#### Input for this task
====
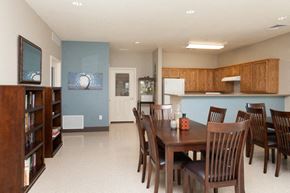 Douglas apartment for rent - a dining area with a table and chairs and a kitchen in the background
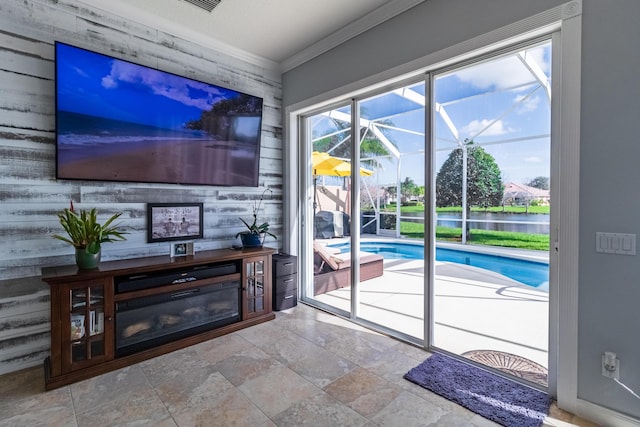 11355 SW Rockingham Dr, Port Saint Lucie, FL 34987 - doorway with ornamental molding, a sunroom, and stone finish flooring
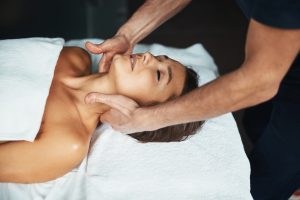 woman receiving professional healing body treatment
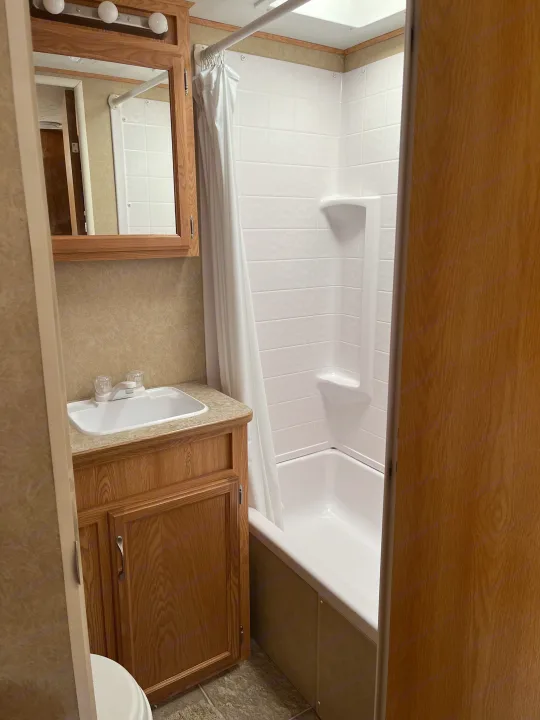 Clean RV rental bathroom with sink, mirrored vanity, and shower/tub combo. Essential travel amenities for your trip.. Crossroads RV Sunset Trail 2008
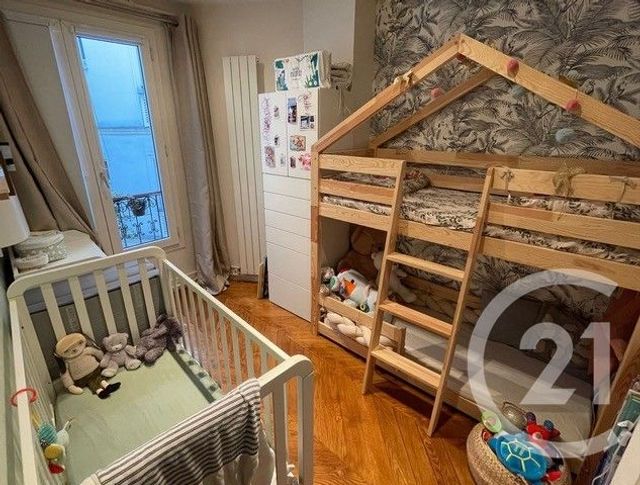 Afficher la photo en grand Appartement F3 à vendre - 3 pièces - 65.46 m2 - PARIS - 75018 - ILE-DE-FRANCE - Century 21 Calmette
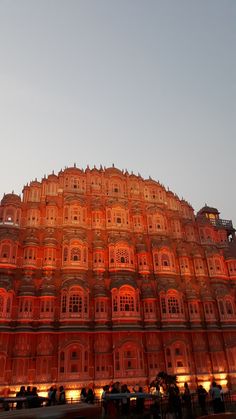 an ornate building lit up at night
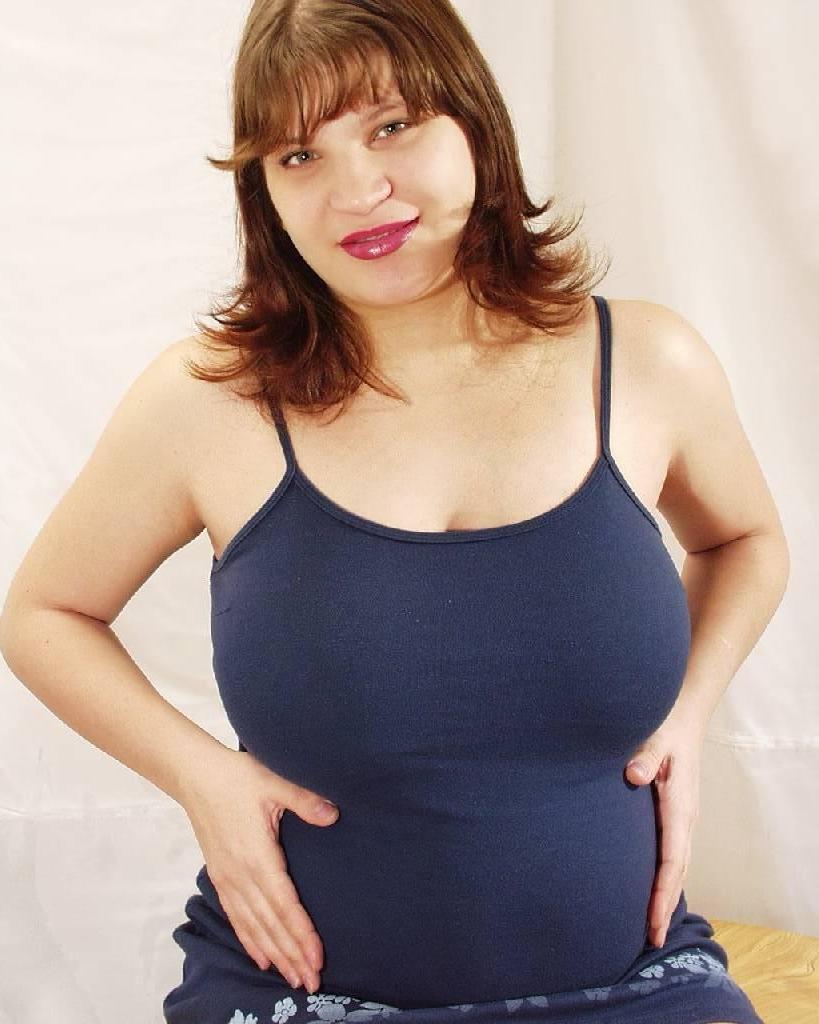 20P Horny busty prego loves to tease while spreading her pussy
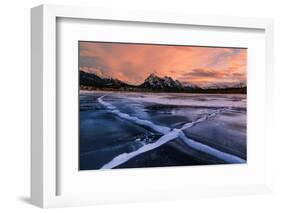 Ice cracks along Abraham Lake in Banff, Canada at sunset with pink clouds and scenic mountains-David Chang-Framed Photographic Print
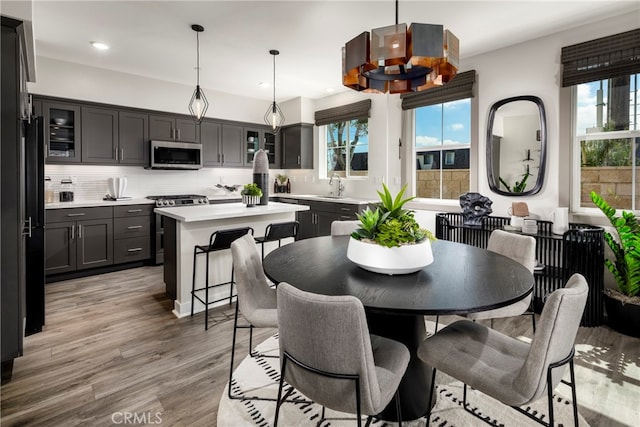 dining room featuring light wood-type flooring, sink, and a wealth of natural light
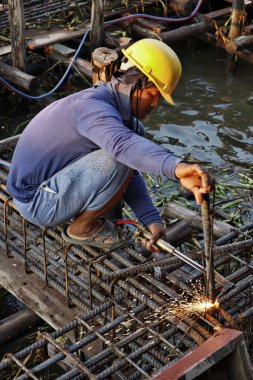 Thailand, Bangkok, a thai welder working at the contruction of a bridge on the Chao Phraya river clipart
====
#### Problem statement
Set the material above down again word for word. Include none of its pictures.

#### Solution to the exercise
 Douglas apartment for rent - a dining area with a table and chairs and a kitchen in the background
 11355 SW Rockingham Dr, Port Saint Lucie, FL 34987 - doorway with ornamental molding, a sunroom, and stone finish flooring
 woman receiving professional healing body treatment
 Clean RV rental bathroom with sink, mirrored vanity, and shower/tub combo. Essential travel amenities for your trip.. Crossroads RV Sunset Trail 2008
 Afficher la photo en grand Appartement F3 à vendre - 3 pièces - 65.46 m2 - PARIS - 75018 - ILE-DE-FRANCE - Century 21 Calmette
 an ornate building lit up at night
 20P Horny busty prego loves to tease while spreading her pussy
 Ice cracks along Abraham Lake in Banff, Canada at sunset with pink clouds and scenic mountains-David Chang-Framed Photographic Print
 dining room featuring light wood-type flooring, sink, and a wealth of natural light
 Thailand, Bangkok, a thai welder working at the contruction of a bridge on the Chao Phraya river clipart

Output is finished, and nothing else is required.